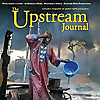 The Upstream Journal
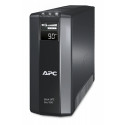 APC BR900G-GR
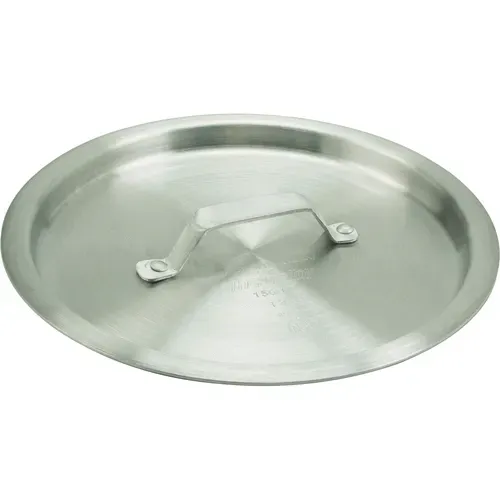 ckitchen1-2413460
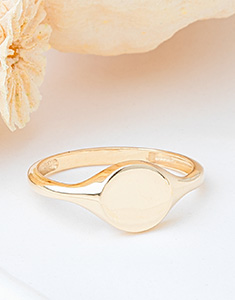 Clair Obscure No. 19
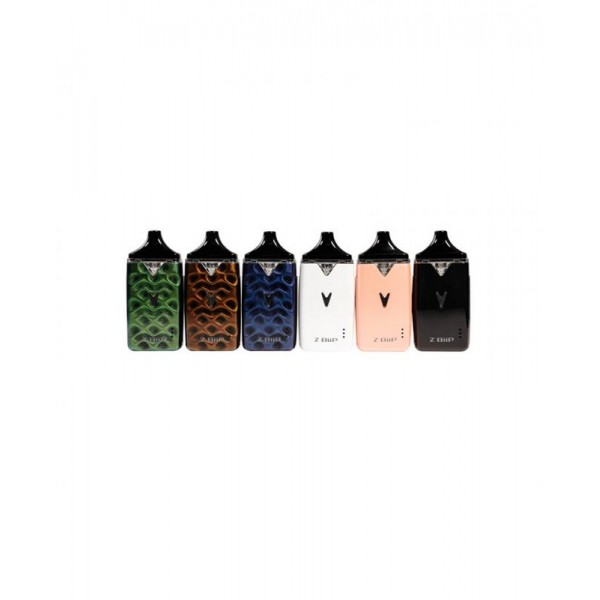 Innokin Z-Biip AIO Pod System 2ML 1500mAh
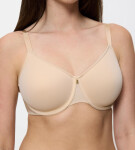 Body Make-Up Essentials Minimizer WP - BROWN - TRIUMPH BROWN - TRIUMPH NUDE BEIGE 90E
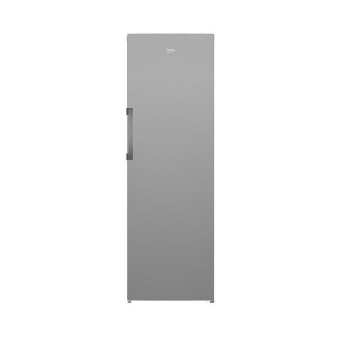 Морозилка BEKO B1RFNK292G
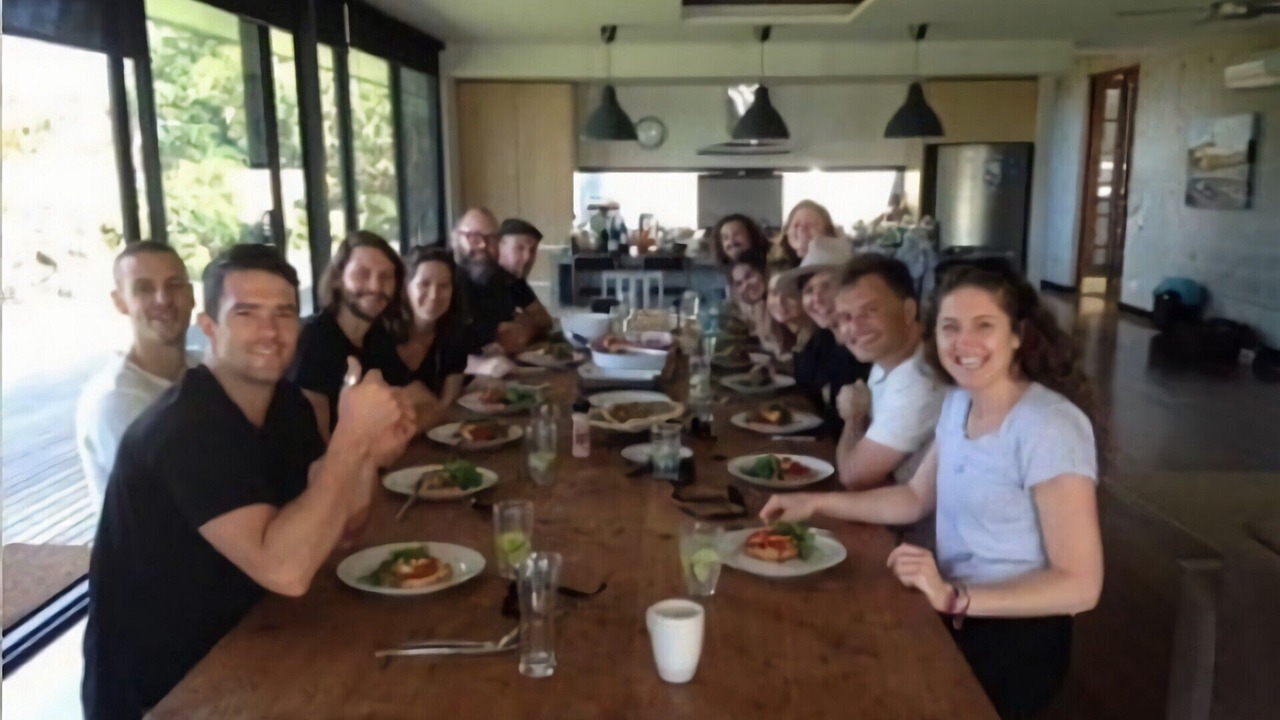 Photo of Others in Apollo Bay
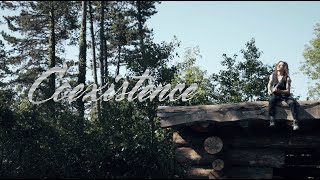 Jeremy Bares - Coexistence (Official Video)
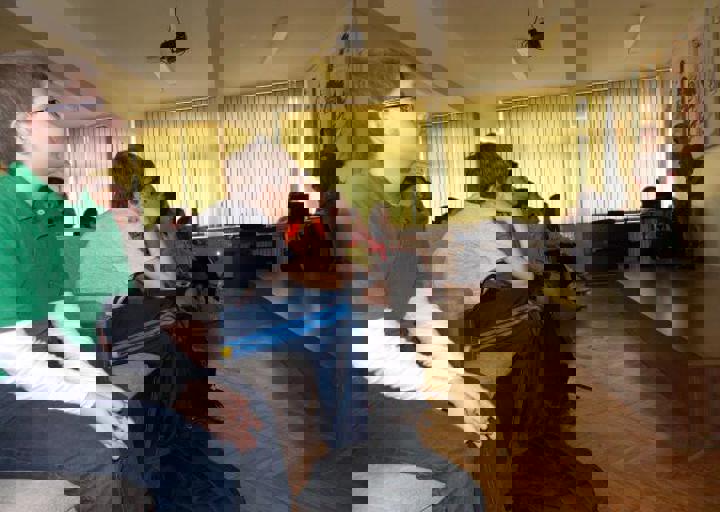 DSCN8553.JPG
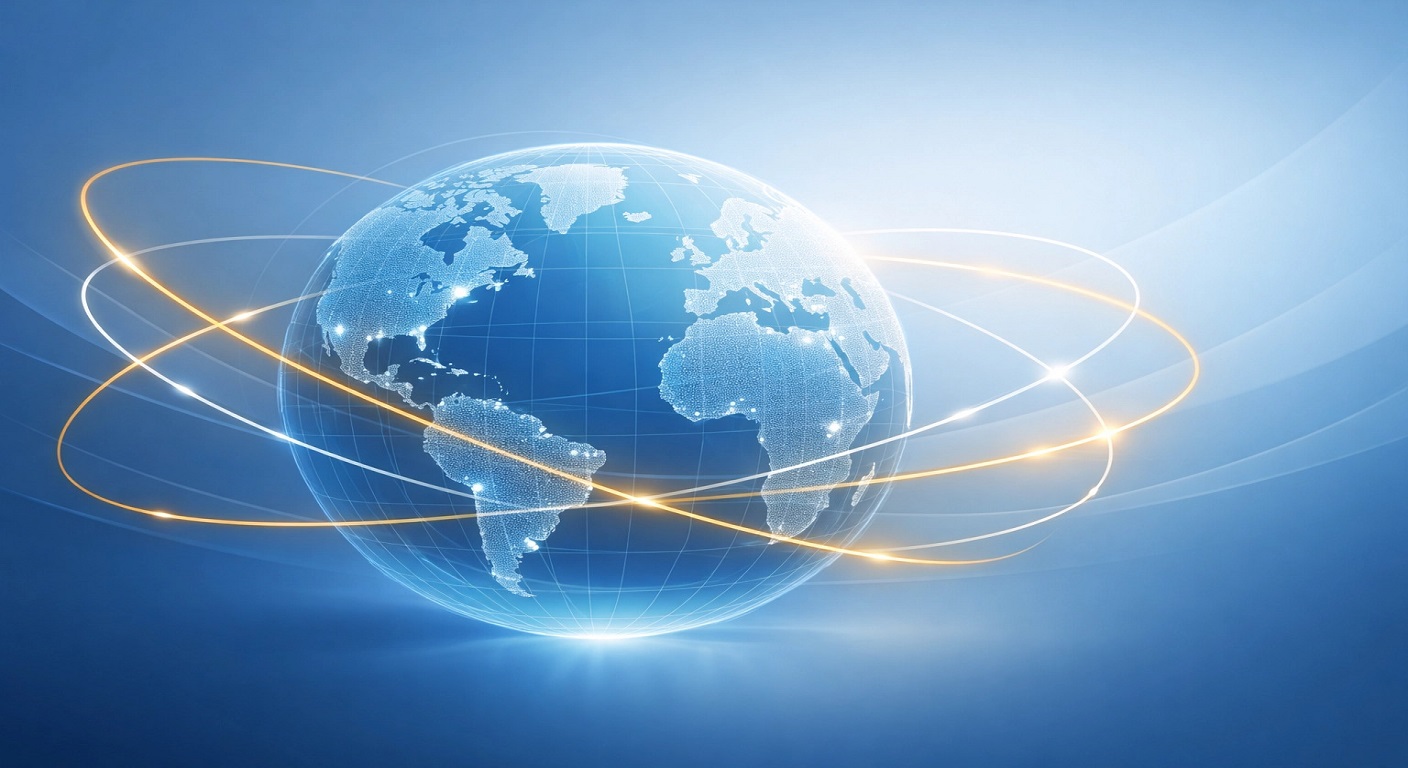 英文不流利也能和客户交流，CC翻译实时翻译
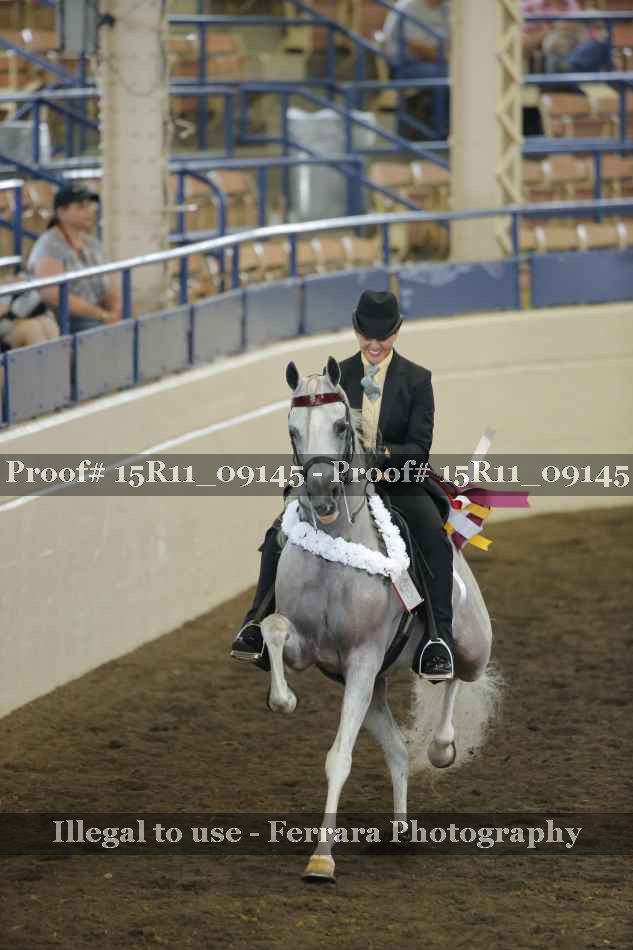 Proof 15R11_09145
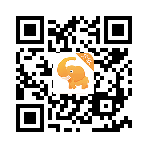 �Ĵ����������Ј�(ch��ng)�������ƶ�:"��������"5���(n��i)�o(w��)���J��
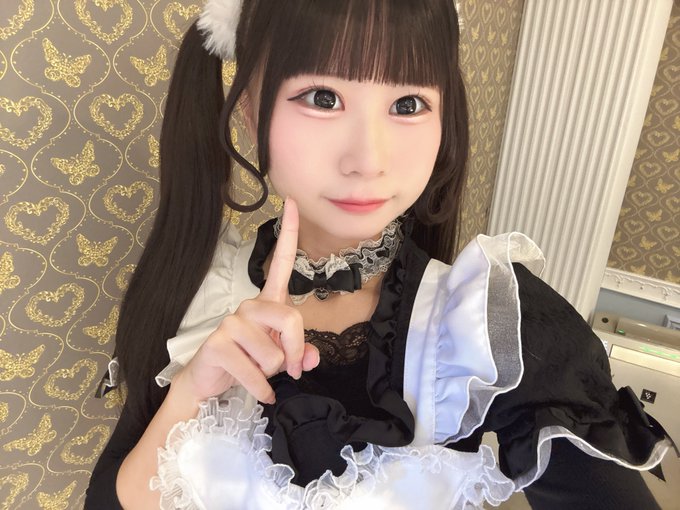 Cherie bellのツイート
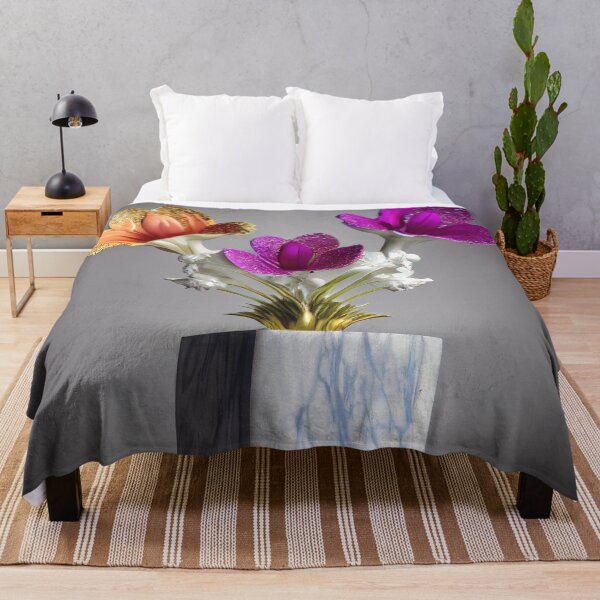 Item preview, floral design 31 designed and sold by Floral-Design-.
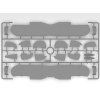 163531 8 j 8 gladiator wwii swedish fighter 1 32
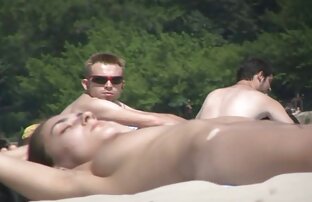 Donna russa pornovideo amatoriali gratis grasso bbw cancro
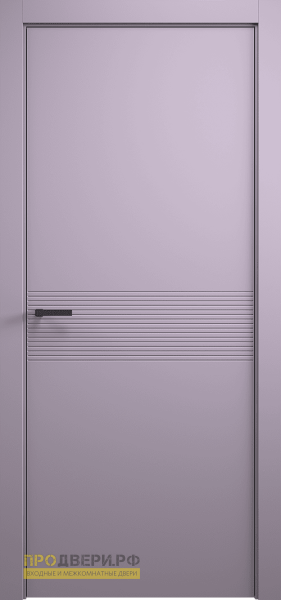 Light 23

##########

▶ Exercise details: Leaving all pictures out, output exactly the lines of the material above from the line with "Морозилка BEKO B1RFNK292G" to the line with "163531 8 j 8", both included.

▶ Output:
 Морозилка BEKO B1RFNK292G
 Photo of Others in Apollo Bay
 Jeremy Bares - Coexistence (Official Video)
 DSCN8553.JPG
 英文不流利也能和客户交流，CC翻译实时翻译
 Proof 15R11_09145
 �Ĵ����������Ј�(ch��ng)�������ƶ�:"��������"5���(n��i)�o(w��)���J��
 Cherie bellのツイート
 Item preview, floral design 31 designed and sold by Floral-Design-.
 163531 8 j 8 gladiator wwii swedish fighter 1 32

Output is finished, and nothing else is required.